I think the show pushed more politics into it that their needed to be. The one lady in the NE seems like she would rather just die than kill someone else. That's ok by me, and I bet plenty of her neighbors are well armed enough to protect the community. I know I would certainly defend her and her place if she were my neighbor.

In my opinion the folks that will survive anything the best are the small communities of families and neighbors that stick together, safety in numbers and a broad skill set between people in the community including a community militia for protection. More like how small communities operated back in colonial times. Single families or lone wolves are very vulnerable.

The gal in Houston was just pretty inexperienced in life and not too bright. She is well prepped for a hurricane, but not for much more. She ended up enlisting in the army though, which is likely a very good place to be if SHTF.. 

And 100k dollars in preps?
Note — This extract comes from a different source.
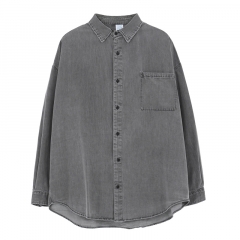 Europe and the United States oversize high street 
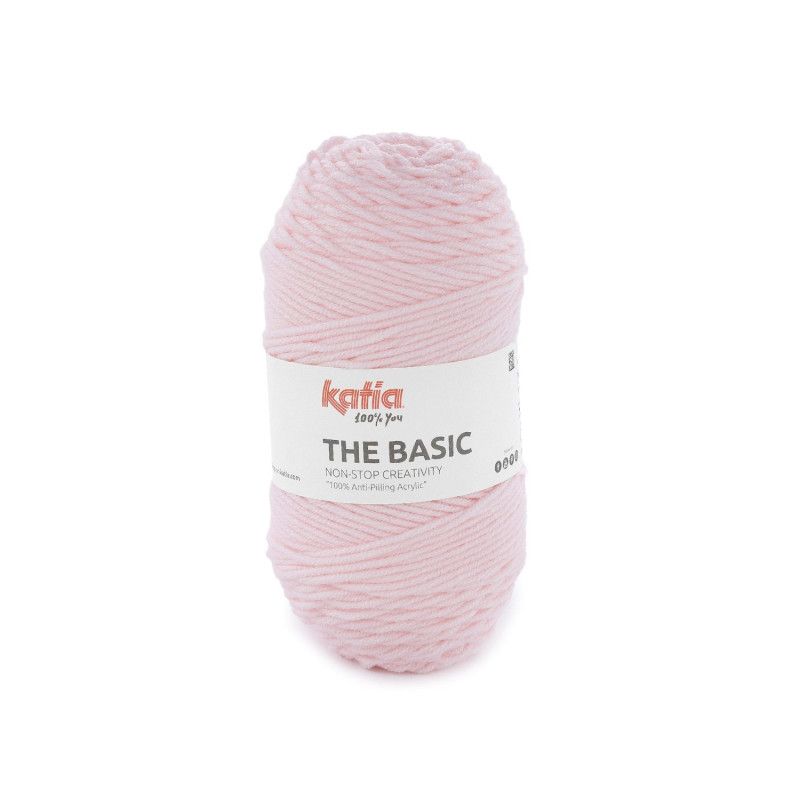 Katia lanas The Basic - Compra online lanas baratas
Wow, you just could buy 30 years worth of dehydrated food with a 30 year shelf life for a lot less than that.


----------



## KimTN (Jan 16, 2007)

Well, I figured the girl in Huston would stash her vehicle in a safer place, such as a storage unit, but don't you think that desperate people are going to trash those out? Storage units are easy to break into and if you are desperate, you are going to look high and low for stuff. Nothing short of getting killed will keep people out of anything.


----------



## Ruby (May 10, 2002)

Helena said:


> Was rather disappointed in the show. Most were not physically fit and yes..the glass jars...but yet again it was a TV show. I usually have a "melt down" a couple times a year about preparing myself and I think this show..shows me that you can't prepare for everything at one time. My biggest thought on this type of show is that they don't show what you should do if you are not home with all your supplies handy. Most people are at work or away from home a lot of hours during the week. I really.....want to say that at the end of the show when they said that none of these things were really going to happen made the preppers look stupid. But, what would you expect or you would have total panic in the streets this morning. Rather look stupid than unprepared but you can only do so much for yourself and family. The family with the children that could do a little of everything was the best prepared I felt except I hope that all would know how to hunt and defend the homestead. If that person would go down..what then. Think I'll go milk the goats now...and need to re-learn to trust in the Lord when I get overwhelmed. Wasn't really too, too impressed with the show...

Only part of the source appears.